Source records:
----------------------------------------
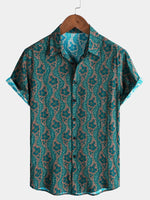 Green Vintage Floral Shirt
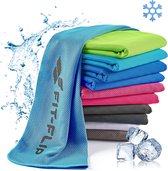 Cooling Towel, microvezel sporthanddoek, voor fitness, sport, reis, yoga, blauw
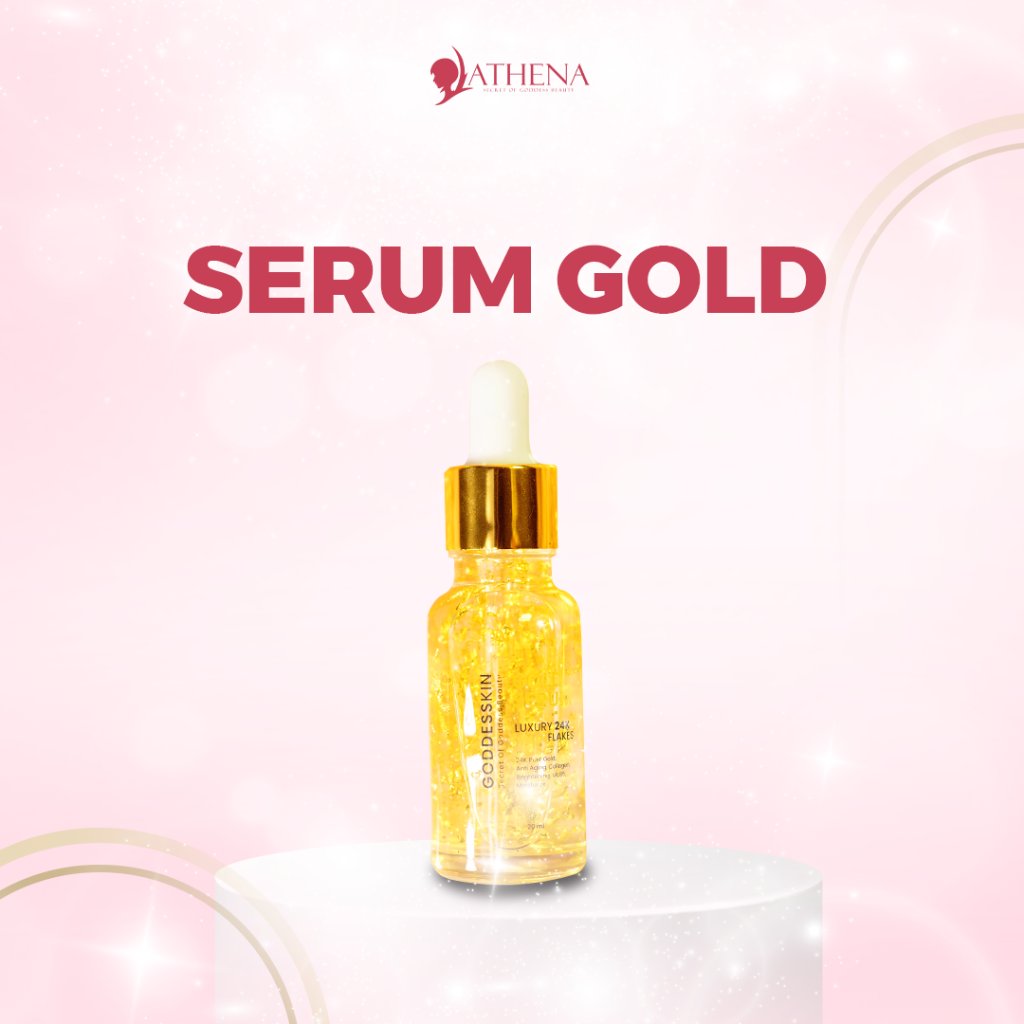 Goddesskin - GS+ Serum Gold With Phytocell 20 ml - Serum Wajah, 24k Pure Gold, Vit B, Anti Aging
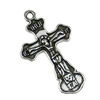 Pendant. Fashion Zinc Alloy jewelry findings.Cross 31x18mm. Sold by KG
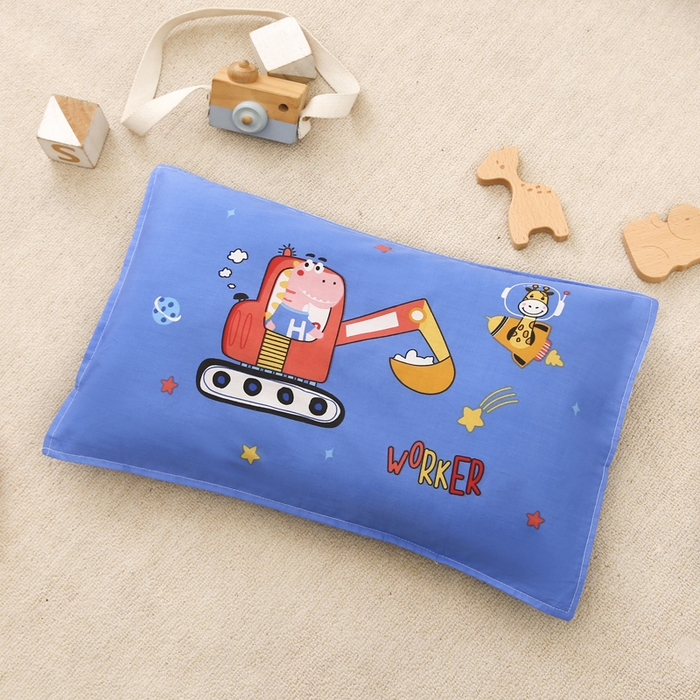 91家纺网 家纺一手货源 找家纺 2025年新款幼儿园全棉被子三件套宝宝入园纯棉六件套被褥午睡被套恐龙挖机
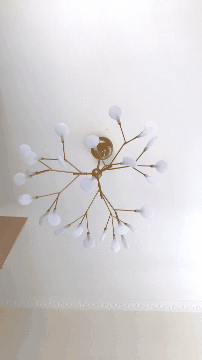 Hanglamp met takkenmotief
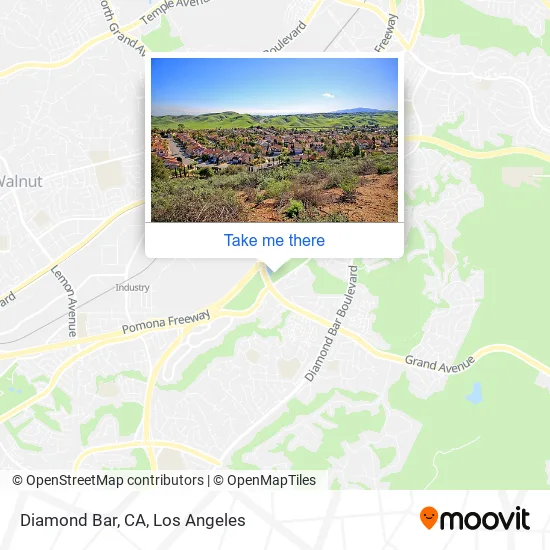 Diamond Bar, CA map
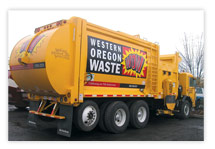 A rebrand and rename meant new fleet graphics for this garbage company.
----------------------------------------
(ABOUT THIS EXERCISE): Print the data above in full and exactly as it appears, skipping the pictures.

(RESULT FOR THIS EXERCISE):
 Green Vintage Floral Shirt
 Cooling Towel, microvezel sporthanddoek, voor fitness, sport, reis, yoga, blauw
 Goddesskin - GS+ Serum Gold With Phytocell 20 ml - Serum Wajah, 24k Pure Gold, Vit B, Anti Aging
 Pendant. Fashion Zinc Alloy jewelry findings.Cross 31x18mm. Sold by KG
 91家纺网 家纺一手货源 找家纺 2025年新款幼儿园全棉被子三件套宝宝入园纯棉六件套被褥午睡被套恐龙挖机
 Hanglamp met takkenmotief
 Diamond Bar, CA map
 A rebrand and rename meant new fleet graphics for this garbage company.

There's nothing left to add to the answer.